And so it was with Publish What You Fund, an organisation that was established only six years ago but has already been enormously influential in taking forward its mission – to persuade aid organisations to be transparent about how much aid they are giving, where and for what.
Why do they do this? Well, one story that we heard when helping them to renew their strategy was that after Typhoon Hyan hit the Philippines, the government had little idea as to what aid was arriving in the country, leading to real problems in knowing how best to help those in need.
This problem goes right through the aid sector, leading to inefficiencies and, on occasion, corrupt or inappropriate use of aid.
So this small band of people set out to change this situation, and six years later over 200 donor organisations have started publishing their information in a common, open standard that can be freely accessed, used and compared.
How have they been so successful? Rachel Rank, Deputy Director said: “People often say to us ‘Oh you are so lucky having such a clear focus for your work’, to which we reply – ‘That is no mistake’. The clear request that we are making of aid organisations – and the fact that we closely track their progress through an annual Aid Transparency Index, just makes our job a lot clearer. Not easy, but clear”.
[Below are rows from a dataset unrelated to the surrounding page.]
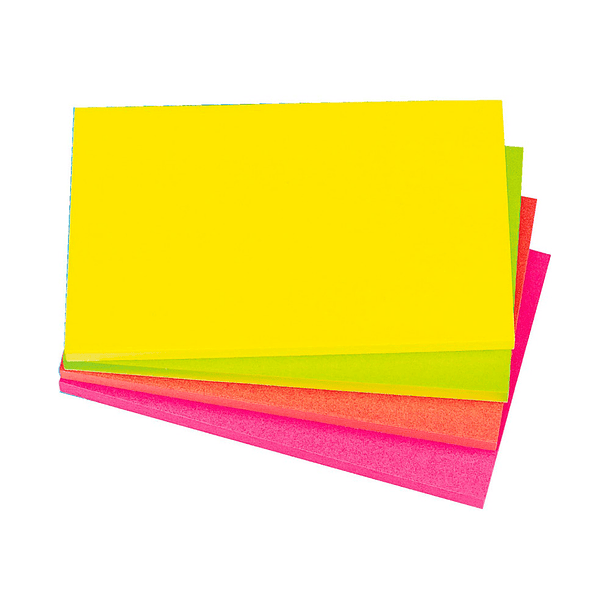 Bloco de notas adesivas q-connect fluorescente 75 x 125 mm 4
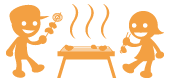 楽しいバーベキューのイラスト
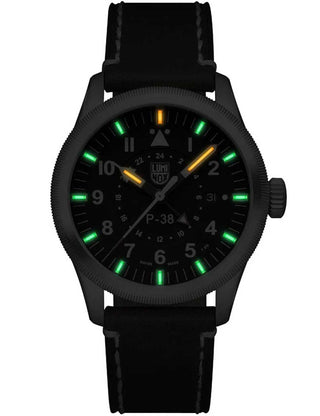 Angle shot of Luminox XA.9521 Black Dial Brown Leather Unisex Watch on white background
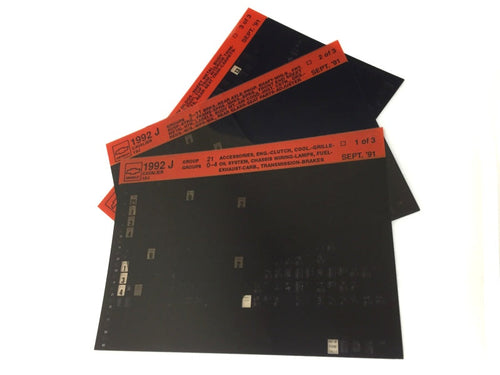 1992-1996 Chevrolet Cavalier "J" Parts Microfiche Catalog Slides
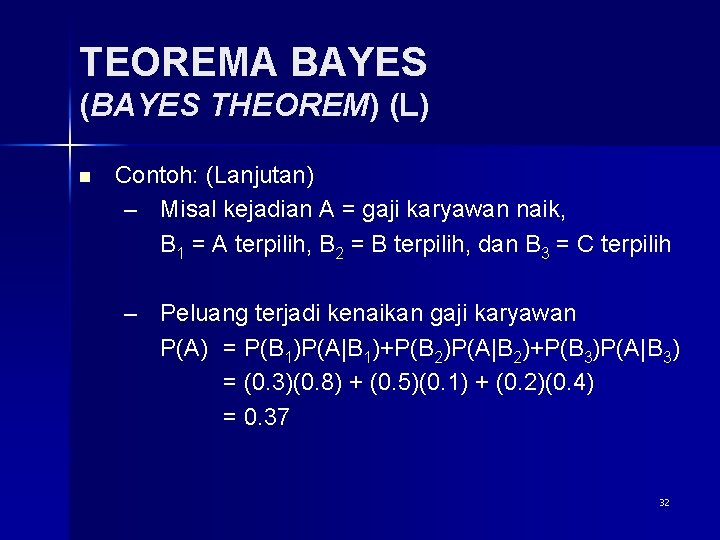 TEOREMA BAYES (BAYES THEOREM) (L) n Contoh: (Lanjutan) – Misal kejadian A = gaji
Recent big wins include France, Japan and the U.S. starting to make their aid information more available. This was a result of targeted advocacy combined with technical advice by the organisation.
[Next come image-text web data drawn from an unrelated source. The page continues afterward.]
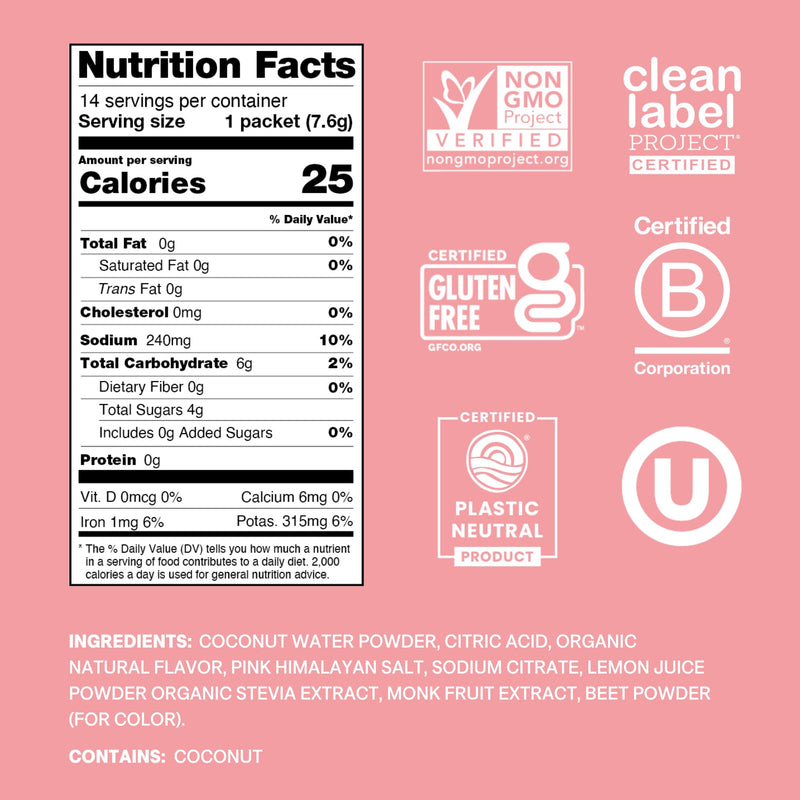 Cure Hydration - Electrolyte Drink Powder Strawberry Kiwi 14 Packets | Plant-Based Dehydration Relief Mix Made with Coconut Water, No Added Sugar, Vegan, Non-GMO, Gluten Free, FSA-HSA Eligible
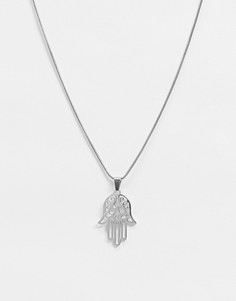 Ожерелье с подвеской в виде ладони-хамсы Aura by Calum Best-Серебряный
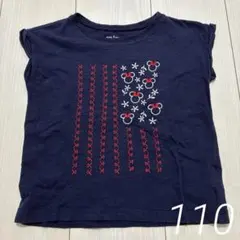 【美品】GAP Disney ミニーマウス 刺繍Tシャツ 110cm ネイビーのサムネイル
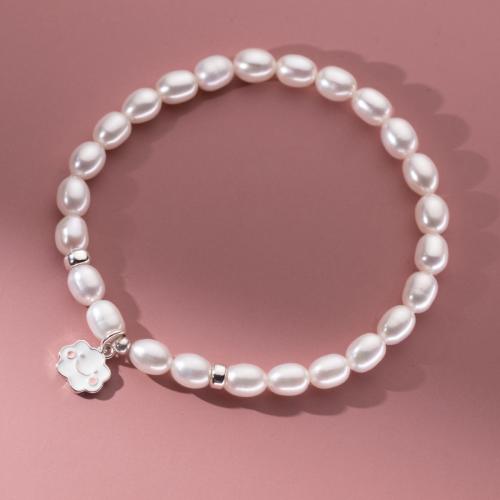 Pulseiras de prata, 925 prata esterlina, with fio elástico & Pérolas de água doce, feito à mão, para mulher & adesivo epóxi, branco, comprimento Aprox 15-24 cm, vendido por PC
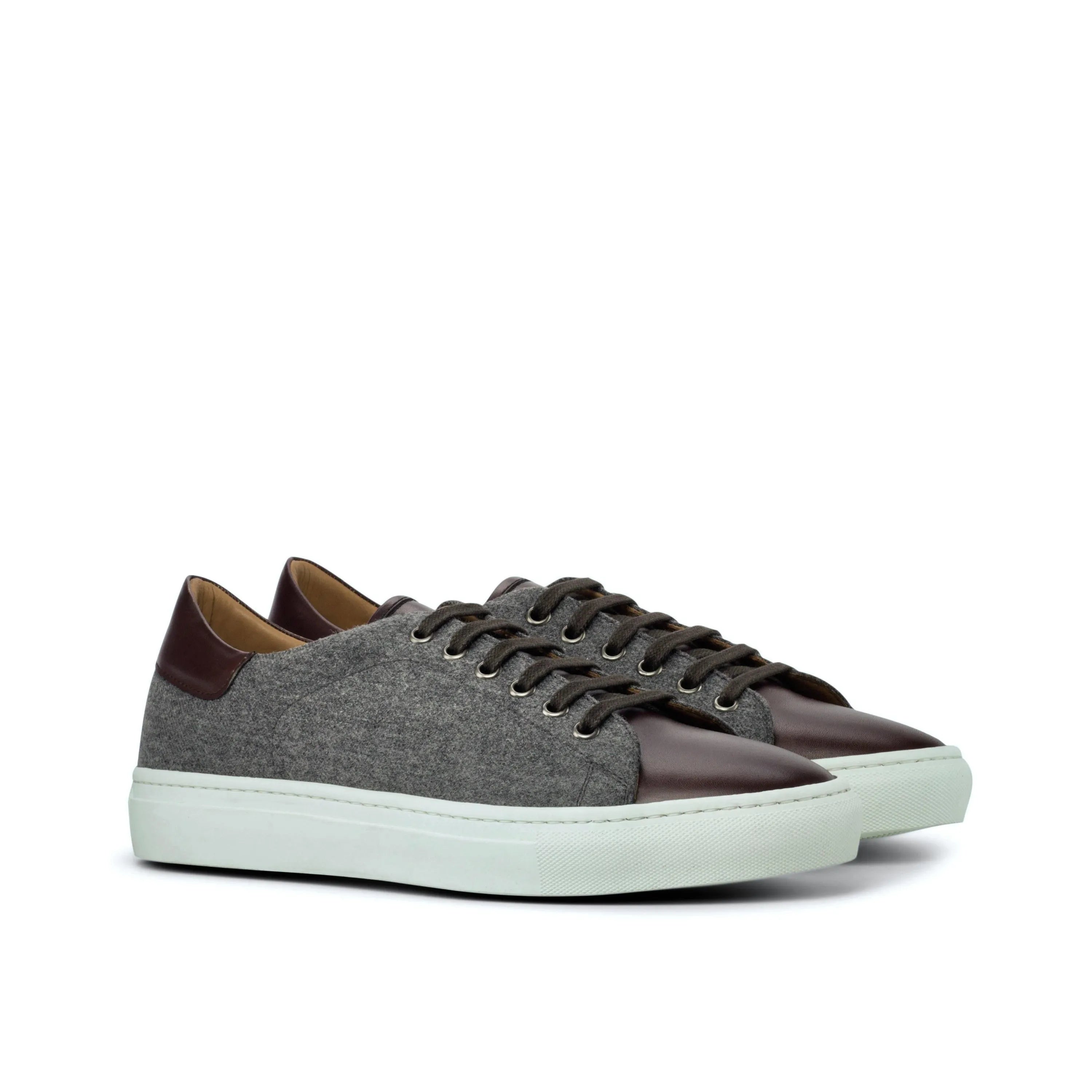 Gray and burgundy Supera Trainer Sneakers II leather sneakers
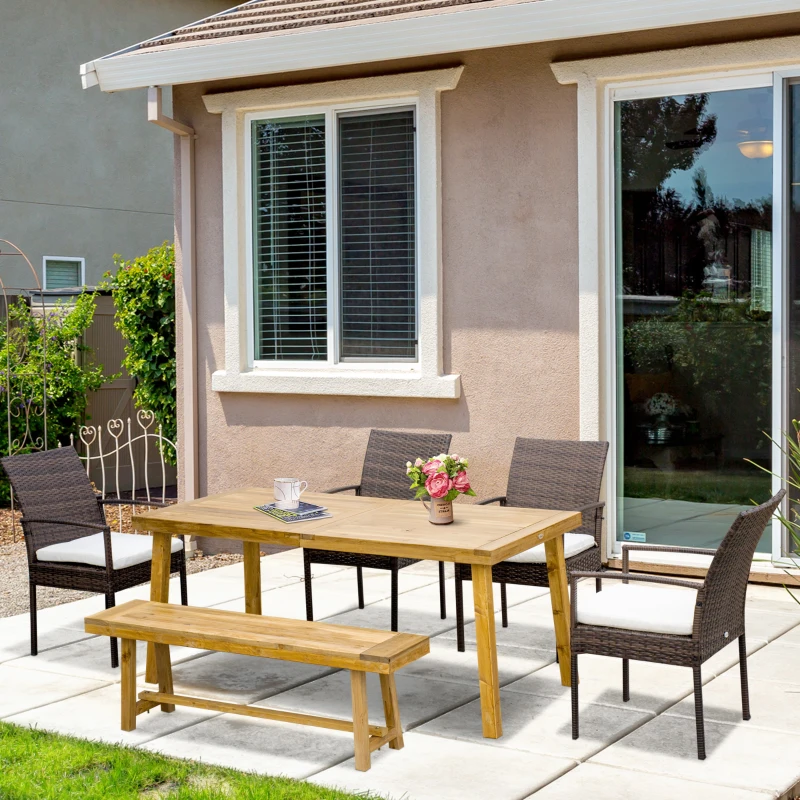 Outsunny Outdoor Dining Set for 6, Patio Dining Furniture Set with PE Wicker Chairs, Armrests, Acacia Wood Loveseat Bench & Dinner Table, Cushions, White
Publish What You Fund asked One Leadership to help them to renew their strategy. When your organisation is trying to lead big change in the world, shifting systems or taking on the most complex challenges, we liken the process to trying to move an elephant – if you only have a small amount of pressure to apply, you need to ensure that your pin is sharp. And that your team is working as one to apply that pressure together.
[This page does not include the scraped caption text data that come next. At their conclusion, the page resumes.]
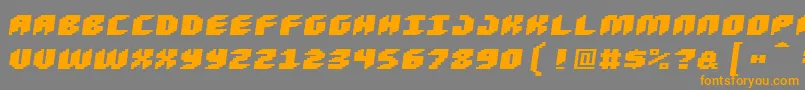 Loudnoiseblackskew-Schriftart – Orangefarbene Schriften auf grauem Hintergrund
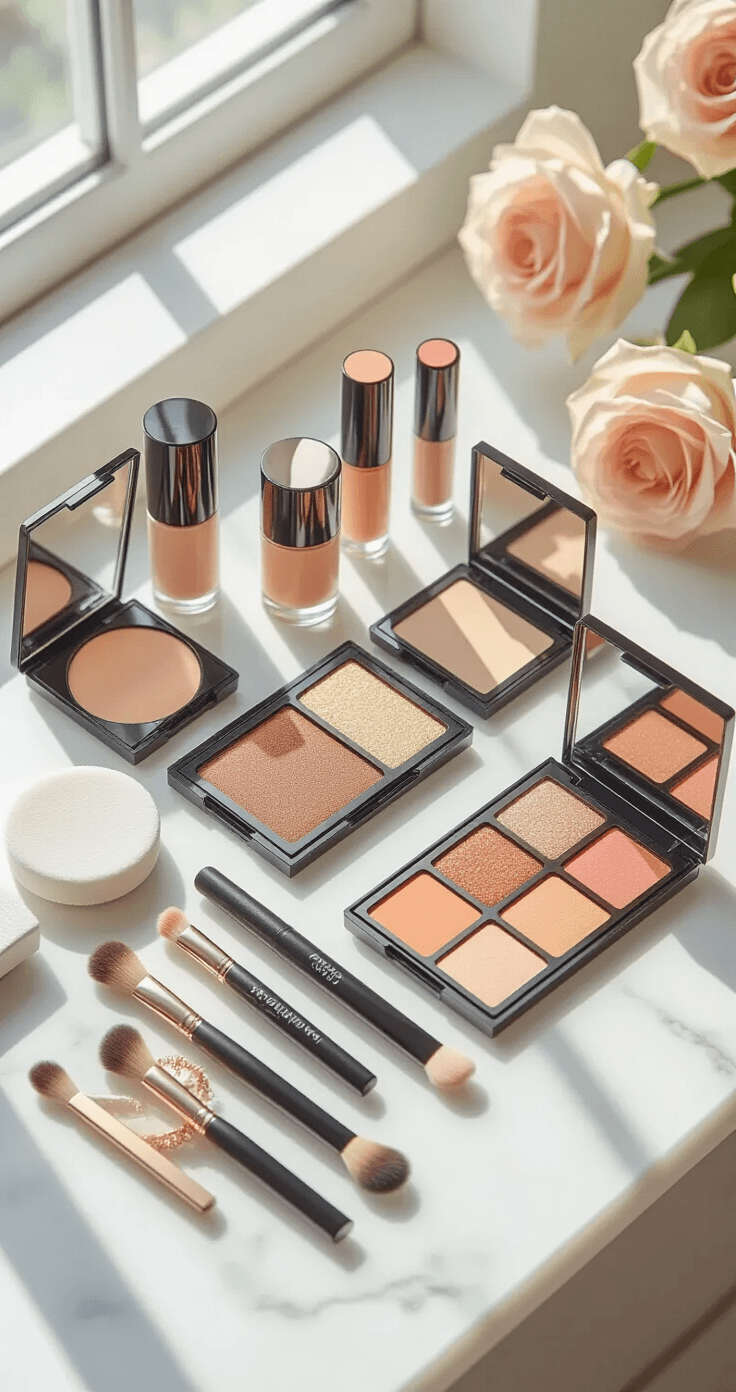 Thai Makeup Looks for Weddings That Actually Last (And Look Stunning in Photos) Flat lay of Thai bridal makeup products on a white marble surface, featuring foundations, eyeshadow palette, highlighter, blush, lipsticks, beauty tools, and delicate bridal accessories, all elegantly arranged with fresh orchids and eucalyptus.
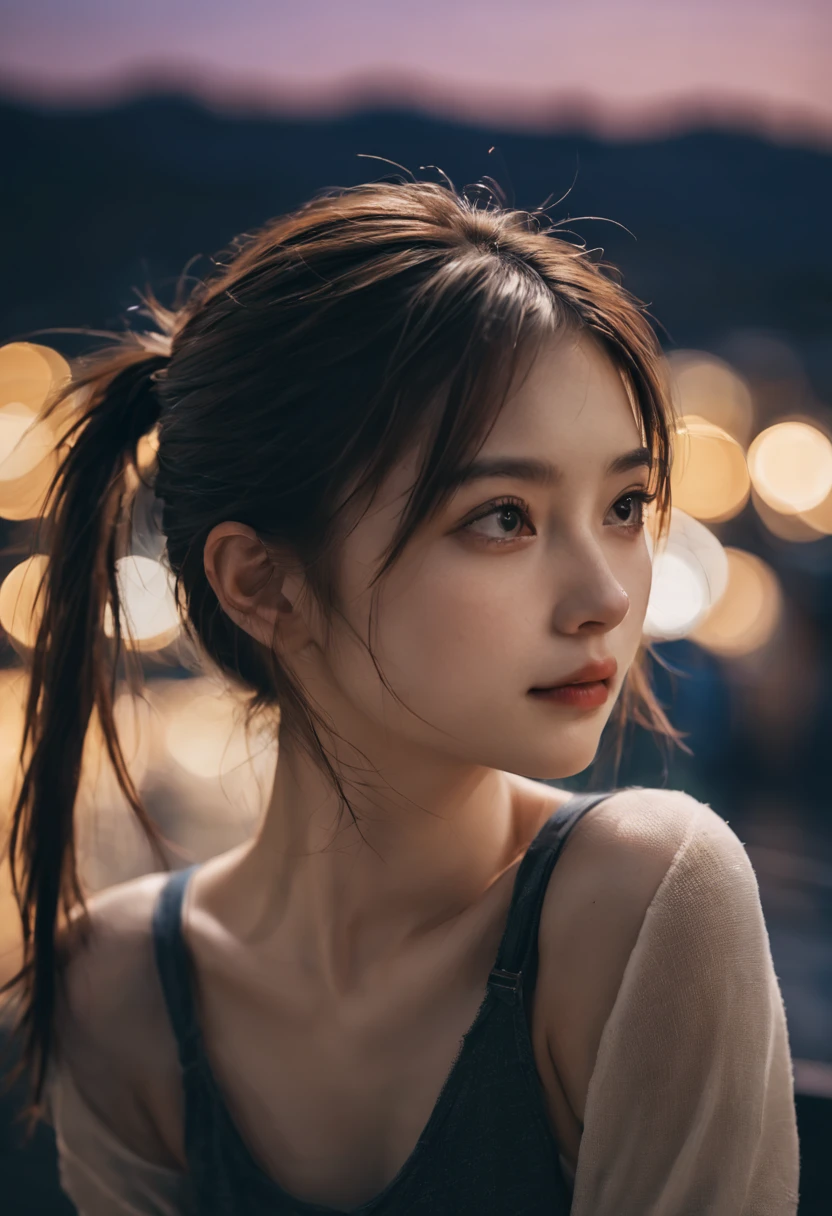 Aesthetic Portrait, 1fille,seulement, Cheveux courts,side ponytail, Bokeh, profondeur de champ, cinematic, nuit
Liz Steele, European Representative, said: “Alister and Ollie from One Leadership helped us work through an enormous amount of possible options whilst at the same time creating an even greater sense of cohesion and fun in the team at a time when we could easily have descended into long-winded discussions that made little progress. By developing a positive environment of trust and creativity they enabled us to identify our strengths and address our challenges, empowering us to work together more effectively to take forward our strategic planning process.”